Implementation for the paper "MC-BERT: Efficient Language Pre-Training via a Meta Controller", which has been submitted to NeurIPS'2020.

## Brief Introduction
This repo is built for the experimental codes in our paper, containing all the model implementation, data preprocessing, and parameter settings. Here we thank the authors of the codebase, [fairseq](https://github.com/pytorch/fairseq), and our repo is upgraded from it. So more details and usages on fairseq please see the original repo.

## Upgrades

#### General
1. Add metrics for down-stream tasks. Except for the original accuracy metric, we add pearson_spearman, F1, MCC for various down-stream tasks in GLUE, see the `critetions/sentence_prediction.py` for sentence prediction.
2. Checkpoints saving related settings, see the checkpoints utils file.

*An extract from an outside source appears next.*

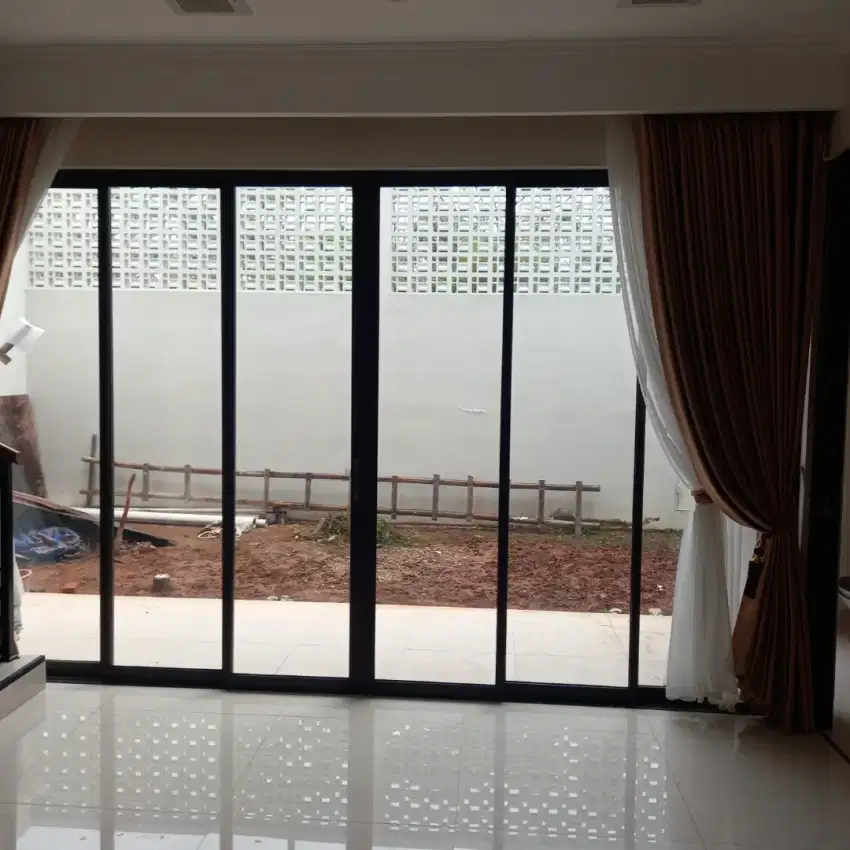 Pintu sliding door 6 daun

Support transformer-v2 and fix v1 setting based on the original repo, see `modules/transformer_sentence_encoder.py`.

#### ELECTRA
1. Add generator and the other logics, in the model definition file, see the new folder `electra` in `models`.
2. Add a new dataset, with the same as MC-BERT, named `mask_tokens_dataset2.py`.
3. Define a new loss in criterions, see `electra.py` in `criterions`; a new task, see `electra.py` in `tasks`.

#### MC-BERT
1. Add the meta controller and the other logics, in the model definition file, see the new folder `mcbert` in `models`.
2. Define a new loss in criterions, see `mcbert.py` in `criterions`; a new task, see `mcbert.py` in `tasks`.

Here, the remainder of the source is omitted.